He says the campaign has helped him understand the issues that are affecting people.
Indian American Deep Sran, who announced his candidature for the Virginia 10th Congressional District last summer, has announced that he is ending the campaign for the Democratic party nomination.
In a press release posted on his official website, Sran thanked his supporters and family for helping him run the campaign.
“I want to thank my wife, daughters, friends, staff, and community for all of their sacrifice and work. Together, we ran a campaign that was about listening to the people of the 10th District,” he said. “I was able to talk about vision and long-term solutions in a time of anxiety and division. And I had a chance to share how important a positive, shared vision is to the future of this country.”
Sran, a teacher, technology entrepreneur and a lawyer, said the decision to run was made with a strong will and with a vision for the future and it is with the same optimism that he has decided to end the campaign.
He said the campaign has helped him understand the issues that are affecting the people of the 10th Congressional District and also set off creative discussions about vision and long-term solutions.

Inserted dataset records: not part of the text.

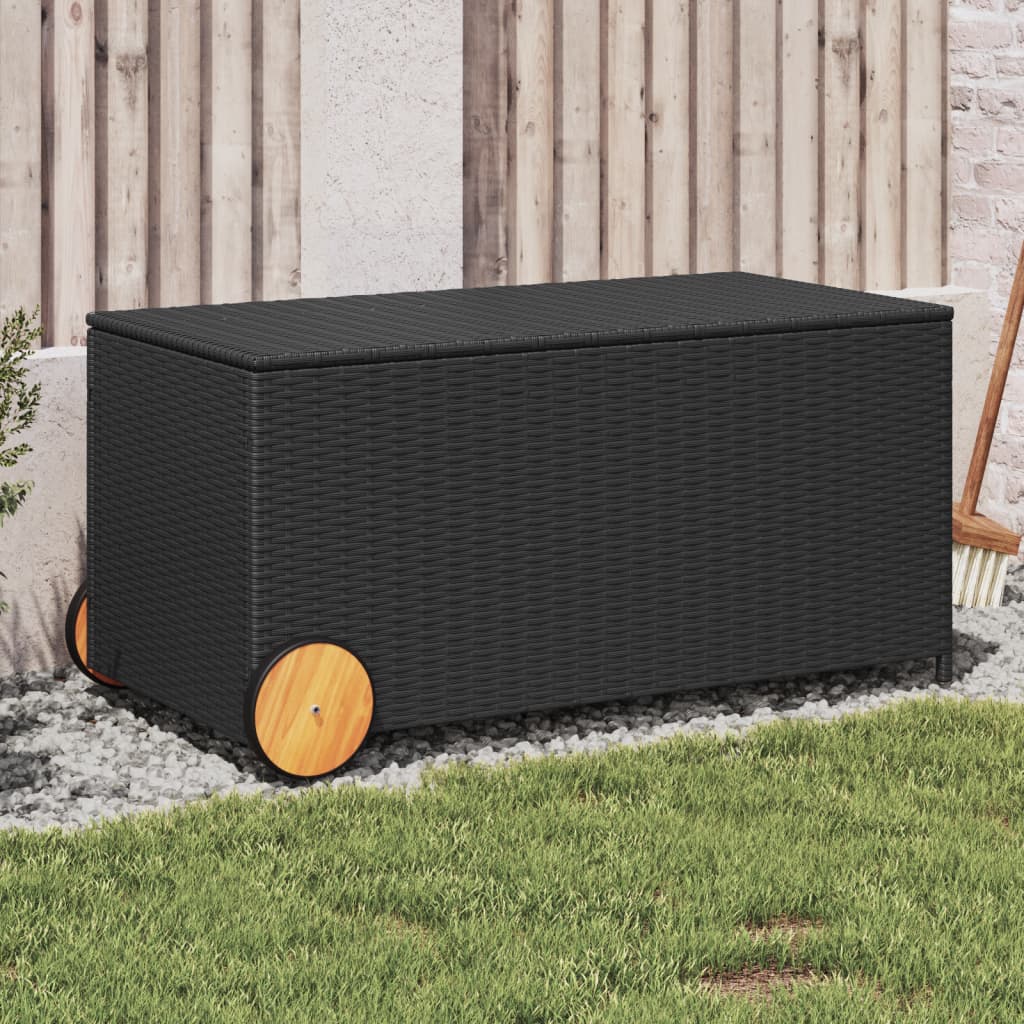 vidaXL Záhradný úložný box s kolieskami čierny 190 l polyratan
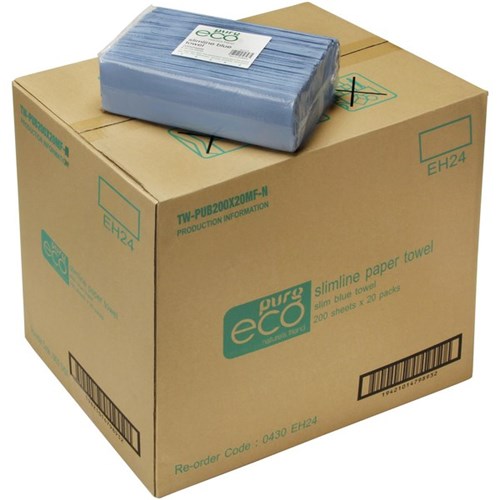Pure Eco Slimline Paper Towel 1 Ply Blue, Carton of 20 Packs of 200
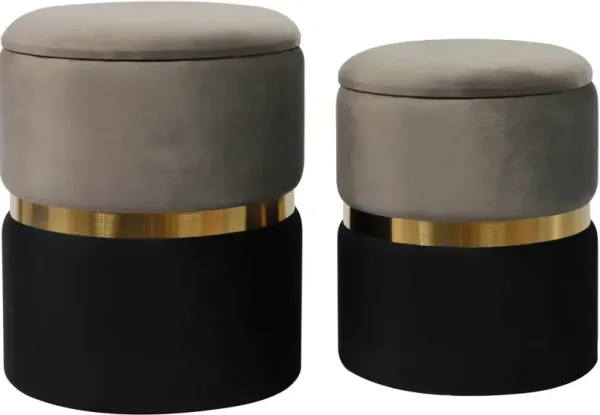 TOV Furniture Gigi Grey Set of 2 Storage Ottomans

“I was able to talk about vision and long-term solutions in a time of anxiety and division. And I had a chance to share how important a positive, shared vision is to the future of this country,” he said.
“I will continue to work for true education reform through innovation and greater equity, to prepare the next generation of leaders and to build a better world,” Sran said. “I will also continue to work for more representative government, so minority and marginalized communities are engaged and heard. I will build on the work we’ve done to show that politics must be about finding common ground to implement policies that leave our children and grandchildren a better world.”
Sran was born and raised in Montgomery County, Maryland.
He holds a degree in political science from University of Maryland and attended law school at Georgetown University. He was previously a corporate attorney for large firms in Baltimore and Chicago. He left private legal practice to study how children learn and to work on a Ph.D. in Human Development at University of Maryland.